Лабораторная работа №7. Рекуррентные нейронные сети для анализа текста

In [19]:
# TensorFlow и tf.keras
import tensorflow as tf
from tensorflow import keras
from keras import regularizers

import numpy as np
import matplotlib.pyplot as plt
import pdb
import os
import scipy.io
from sklearn.model_selection import train_test_split
import tarfile
from six.moves import cPickle as pickle
import zipfile
from tensorflow.keras.preprocessing.image import ImageDataGenerator
import re


In [None]:
Задание 1.
Загрузите данные. Преобразуйте текстовые файлы во внутренние структуры данных, которые используют индексы вместо слов.


In [None]:
# загрузка и форматирование данных

# used only once
# !bash ../data/movie_reviews/preprocess_reviews.sh

Скрипт из открытого доступа (https://gist.github.com/aaronkub/09985a47740bda278712e1dd78e482cf) объединяет все негативные рецензии и все позитивные в одни файлы. Он исправлен, чтобы файл был не один.

In [16]:
dataset_path = '../data/movie_reviews/aclImdb/data'

def extract_data(filename):
    dataset = []
    with open(os.path.join(dataset_path, filename)) as f:
        for lines in f.readlines():
            dataset.append(lines.strip())
    return dataset


train_pos_reviews = extract_data('full_pos_train.txt')
train_neg_reviews = extract_data('full_neg_train.txt')
test_pos_reviews = extract_data('full_pos_test.txt')
test_neg_reviews = extract_data('full_neg_test.txt')

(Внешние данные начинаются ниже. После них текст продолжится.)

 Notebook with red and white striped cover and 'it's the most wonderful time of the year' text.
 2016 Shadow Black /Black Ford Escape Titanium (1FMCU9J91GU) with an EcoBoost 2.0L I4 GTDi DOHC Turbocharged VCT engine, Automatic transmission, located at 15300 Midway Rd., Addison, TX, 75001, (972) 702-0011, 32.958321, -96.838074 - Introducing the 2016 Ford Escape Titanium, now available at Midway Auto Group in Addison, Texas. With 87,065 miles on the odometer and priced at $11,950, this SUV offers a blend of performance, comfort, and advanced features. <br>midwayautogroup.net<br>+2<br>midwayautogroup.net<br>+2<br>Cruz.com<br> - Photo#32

train_labels = np.concatenate((np.ones(len(train_pos_reviews)), np.zeros(len(train_neg_reviews))), axis=None)
test_labels = np.concatenate((np.ones(len(test_pos_reviews)), np.zeros(len(test_neg_reviews))), axis=None)

In [17]:
print('Train positive lines: ', len(train_pos_reviews))
print('Train negative lines: ', len(train_neg_reviews))
print('Train labels: ', len(train_labels))
print('Test positive lines: ', len(test_pos_reviews))
print('Test negative lines: ', len(test_neg_reviews))
print('Test labels: ', len(test_labels))

Train positive lines:  12500
Train negative lines:  12500
Train labels:  25000
Test positive lines:  12500
Test negative lines:  12500
Test labels:  25000


https://towardsdatascience.com/sentiment-analysis-with-python-part-1-5ce197074184

Препроцессим данные и делаем их чище (убираем заглавные, знаки препинания и так далее).

In [32]:
REPLACE_NO_SPACE = re.compile("[.;:!\'?,\"()\[\]]")
REPLACE_WITH_SPACE = re.compile("(<br\s*/><br\s*/>)|(\-)|(\/)")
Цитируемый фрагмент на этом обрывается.